AI is evolving at a rapid pace, and the uptake of Generative AI (GenAI) is revolutionising the way humans interact and leverage this technology. GenAI is based on large language models (LLMs) that have proven remarkable capabilities for breaking down barriers between humans and machines – from generating human-like text to powering conversational interfaces and automating complex tasks.
Even though we are at the early stages of LLM adoption, businesses are preparing the way to build LLM-powered applications. Initial findings from our customers reveal that one out of four customers are building LLM-powered applications and around 20% of them are using OpenAI as their LLM. And according to a developer survey by Stack Overflow 70% of developers are using or are planning to use AI tools in their development process.
However, while businesses are strongly driven to embrace LLM adoption, in many cases a fear or lack of knowledge relating to the evolving attack vectors that come with it and AI-powered threats will be slowing down innovation.
The Open Worldwide Application Security Project (OSWAP) Top 10 list for LLM applications has driven further awareness around the risks from LLM adoption by highlighting the critical need for security tools and processes to confidently manage the rollout of GenAI technology. Three key areas of focus within the OWASP Top 10 for LLMs include Prompt Injection, Insecure LLM Interaction, and Data Access.
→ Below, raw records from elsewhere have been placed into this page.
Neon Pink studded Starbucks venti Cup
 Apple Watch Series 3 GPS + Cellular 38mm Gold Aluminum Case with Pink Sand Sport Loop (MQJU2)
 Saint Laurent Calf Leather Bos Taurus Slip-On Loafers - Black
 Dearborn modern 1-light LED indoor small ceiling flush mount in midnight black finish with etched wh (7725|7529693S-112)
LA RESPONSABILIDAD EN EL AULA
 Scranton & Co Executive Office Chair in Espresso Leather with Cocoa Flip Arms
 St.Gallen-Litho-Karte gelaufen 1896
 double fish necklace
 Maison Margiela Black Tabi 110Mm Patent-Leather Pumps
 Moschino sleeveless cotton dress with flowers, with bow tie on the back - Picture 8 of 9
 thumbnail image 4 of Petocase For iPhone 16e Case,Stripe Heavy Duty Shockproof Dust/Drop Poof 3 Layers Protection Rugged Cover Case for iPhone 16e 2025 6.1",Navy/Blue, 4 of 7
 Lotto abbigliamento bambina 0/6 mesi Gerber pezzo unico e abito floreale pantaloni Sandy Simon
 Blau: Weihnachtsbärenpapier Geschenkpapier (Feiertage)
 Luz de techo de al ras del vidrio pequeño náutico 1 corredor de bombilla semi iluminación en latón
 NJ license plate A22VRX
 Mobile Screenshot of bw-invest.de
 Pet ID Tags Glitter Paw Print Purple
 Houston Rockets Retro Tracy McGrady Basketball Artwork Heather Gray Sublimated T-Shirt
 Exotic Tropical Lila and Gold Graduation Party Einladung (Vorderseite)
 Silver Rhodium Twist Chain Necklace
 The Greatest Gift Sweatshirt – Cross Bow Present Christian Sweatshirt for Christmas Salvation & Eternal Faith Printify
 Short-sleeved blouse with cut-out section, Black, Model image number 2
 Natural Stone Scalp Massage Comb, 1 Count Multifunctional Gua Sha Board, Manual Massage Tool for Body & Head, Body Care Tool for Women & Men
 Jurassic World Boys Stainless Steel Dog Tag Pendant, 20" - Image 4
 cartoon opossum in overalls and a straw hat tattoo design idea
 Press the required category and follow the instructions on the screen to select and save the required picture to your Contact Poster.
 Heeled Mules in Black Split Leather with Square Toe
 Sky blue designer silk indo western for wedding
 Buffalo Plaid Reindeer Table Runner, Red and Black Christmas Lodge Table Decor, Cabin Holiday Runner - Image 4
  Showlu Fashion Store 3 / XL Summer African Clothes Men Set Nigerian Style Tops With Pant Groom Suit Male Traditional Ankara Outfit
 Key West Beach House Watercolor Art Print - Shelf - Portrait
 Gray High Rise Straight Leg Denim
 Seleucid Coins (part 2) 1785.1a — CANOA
But how do these specifically affect cloud native applications, and what is important to know about these attack vector techniques?
Top three LLM risks identified by the OWASP framework
- Prompt Injection – a new but serious attack technique specific to LLMs. Here the attacker crafts inputs designed to mislead or manipulate the model, with the intention to generate unintended or harmful responses. The model relies on input prompts to generate outputs and allows attackers to inject malicious instructions or context in line with these prompts. Prompt injection, if not identified, can lead to unauthorised actions or data breaches, compromising system security and integrity.
- Insecure LLM Interaction – LLMs interact with other systems, increasing the risk that their outputs can be leveraged for malicious activities, such as executing unauthorised code or initiating cybersecurity attacks. These threats pose significant risks to data leaks, and identity theft and compromise both security and data integrity.
- Data access – LLMs store all the information they consume, heightening the level of data leakage risk when sensitive information is unintentionally exposed or accessed by an unauthorised person through the model’s output. The risk associated with improper data access controls is significant as it can lead to unauthorised data exposure, or breaches jeopardising both privacy and security. Proper controls are essential to mitigate this risk and ensure sensitive information stored within an LLM is processed and stored securely.
Businesses must be able to confidently navigate the complexities of LLM-based application development and deployment, ensuring compliance with regulatory standards and safeguarding against malicious exploits.
Here are the three key steps organisations must take to secure LLM applications from code to cloud:
1. Discovery phase
It is important to remember that as GenAI brings more simplicity for setting up applications, cybercriminals are seeking the same benefits. For example, AI agents can easily and quickly optimise productivity and speed into operations, but this evolution must be coupled with a robust security strategy for managing and monitoring agent-based systems.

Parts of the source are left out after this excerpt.